His sentiments come hot on the heels of the industry data that showed Kenya’s total
horticulture export increased by 33 percent last year.
According to the statistics released by the Kenya Flower Council, Fresh Produce Exporters
Association of Kenya and Fresh Produce Consortium of Kenya, the country earned 153.68 billion shillings ($1.53 billion).
Dr. Kiptoo noted that the Government was in discussion with the United Kingdom to ensure
that the sector is not adversely affected, irrespective of the outcome of the process.
He added that the government was working towards expanding the export market for
horticultural products in addition to the primary European markets.
“The government is exploring markets like China to complement the traditional European
market. A delegation from China will be in the country soon to evaluate the avocado market and we are optimistic our farmers will soon start exporting to the Chinese market”, he added.
Mr. Hosea Machuki, chief executive officer of Fresh Produce Exporters Association of Kenya
said the sector has remained resilient amid various challenges, both fiscal and operational.

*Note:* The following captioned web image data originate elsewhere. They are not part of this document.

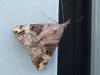 141056 – Photo : Bobabar – France (95)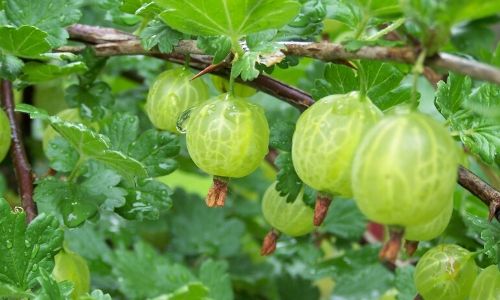 Gooseberries small Condensed Gooseberry amalaki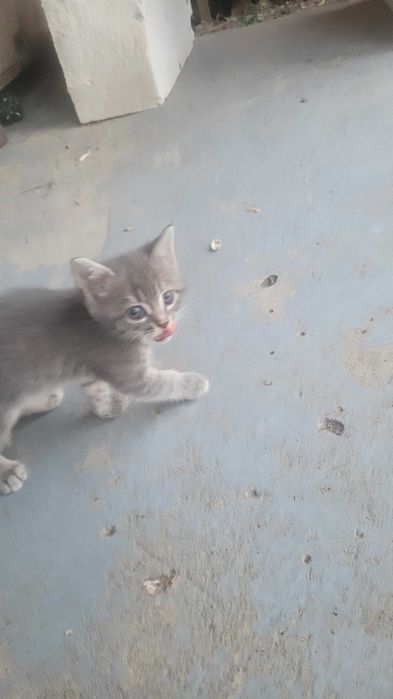 Отдам котят бесплатно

“The sector has seen marked resilience, growth and a huge potential which has enabled it to weather various challenges such as the Brexit shock and fertilizer shortages”, said Mr. Machuki
The three industry bodies said the cut-flower export still remains the largest earner,
contributing more than 70 percent of the total fresh produce earnings.
Clement Tulezi, chief executive officer of the Kenya Flower Council said earnings for the sector are expected to rise by at least 4 percent this year.
According to the report, flower exports contributed Ksh113.16 billion up from Ksh82.24 billion earned in 2017, representing 37.8 percent growth.
Fruits and vegetables earned Ksh12.83 billion and Ksh27.68 billion in 2018, up from Ksh9.0
billion and Ksh24.06 billion earned in 2017, respectively.
Kenya’s current account deficit narrowed to 5.1 percent in the 12 months to November 2018, compared to 6.5 percent in November 2017, the central bank said last month, thanks to a strong performance in the horticulture sector.